Ali Sami Yen, Galatasaray'ın kurucusu. 1951'de öldü. Feriköy'de yatıyor.

Süleyman Seba, Beşiktaş'ın onursal başkanı, Baba Kartalı. 2014'te ayrıldı aramızdan. O da Feriköy'de sonsuzluk uykusunda.

Mezarlarının arasında bir kaç metre mesafe var.

Ali Sami Yen'in ölüm yıldönümlerinde ziyaretine giden Galatasaraylılar; daha sonra Süleyman Seba'ya da giderler.

Süleyman Seba'yı ölüm yıldönümlerinde ziyaret eden Beşiktaşlılar; ardından Ali Sami Yen'e de gidip dua ederler.

Ali Sami Yen olmasaydı Galatasaray olmazdı.

Süleyman Seba olmasaydı Beşiktaş bugünkü gibi değil, çok farklı yerde olurdu.

Eğer Beşiktaş-Galatasaray derbileri Türk futbolu için bir renkse... Büyük bir değerse... Milyonlarca kişiyi etkiliyor, tribünler doluyorsa... Bu iki büyük insanın yeri başköşe olmalı değil mi?

Beşiktaş-Galatasaray derbisinde bir büyük ayıp yaşandı 27 Ekim 2019 Pazar günü.

Kale arkasındaki bir grup Beşiktaşlı (!) Ali Sami Yen'e küfür etti koro halinde.

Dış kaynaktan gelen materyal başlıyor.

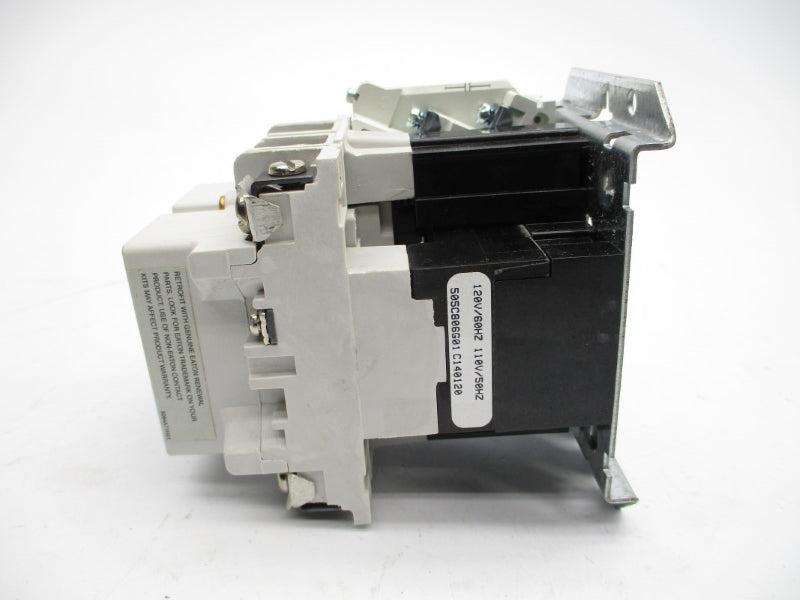 EATON A201K1DA 110/120V 27A NSMP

Hemen yan tribündeki bir grup Galatasaraylı (!) Süleyman Seba'ya küfür etti yine koro halinde.

UTANDIK...

O grubun içindeki bir avuç kendini bilmezin dışındaki Beşiktaşlı ve Galatasaraylılar da utanmıştır; eminim bundan.

Ali Sami Yen ile Süleyman Seba'nın da kemikleri sızlamıştır.

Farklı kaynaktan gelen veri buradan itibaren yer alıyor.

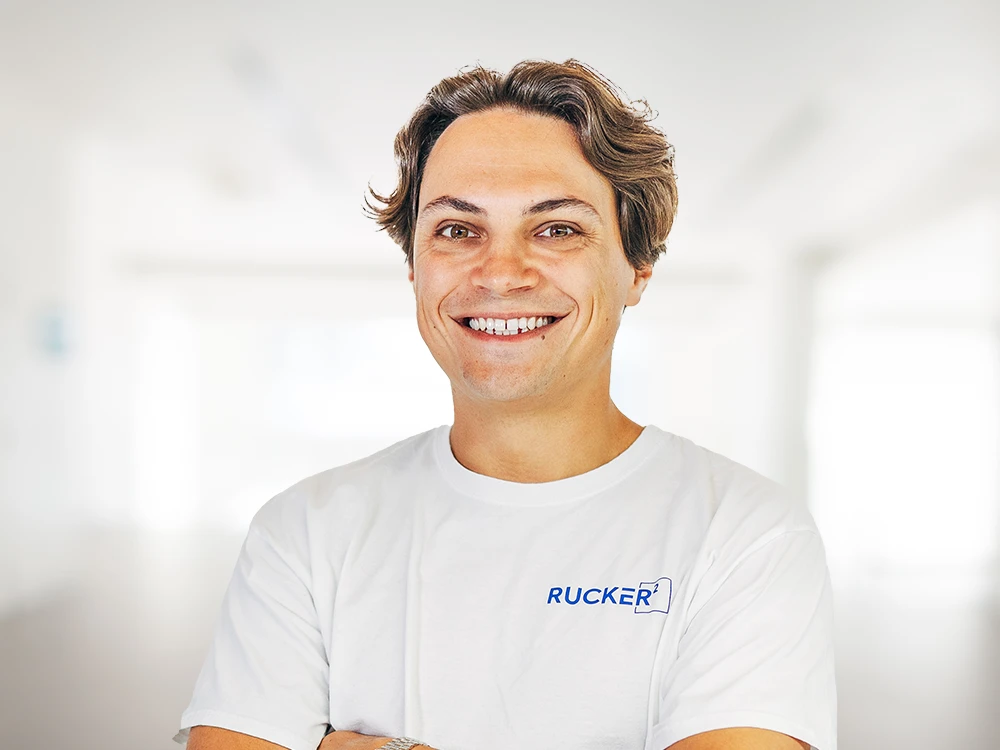 Valentin Rucker, Geschäftsführer Ingenieurbüro Rucker IB für Bauplanung und Energieberatung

Bu ayıp yapanların yanına kar kalmamalıdır.

İki kulüp ve yöneticileri arasındaki dostluğa, centilmenliğe, kardeşliğe dinamit sokmaya çalışmaktır bu.

O dinamitin fitiline ateş çakılmadan önlemi alınmalıdır.

Bir gün rahmetli Süleyman Seba ile rahmetli Özhan Canaydın'ın masasındaydım, dostlar sofrasında.

Aralarındaki muhabbeti, karşılıklı saygı ve sevgiyi unutamam.

Ama 27 Ekim 2019'u da unutmayacağım.

İki kulübün şu andaki yönetimleri de unutmamalı, atlamamalı.

Bu büyük ayıbı işleyenlere artık ne yapacaklarsa... Onlar Beşiktaş ya da Galatasaray taraftarı sayılmamalı.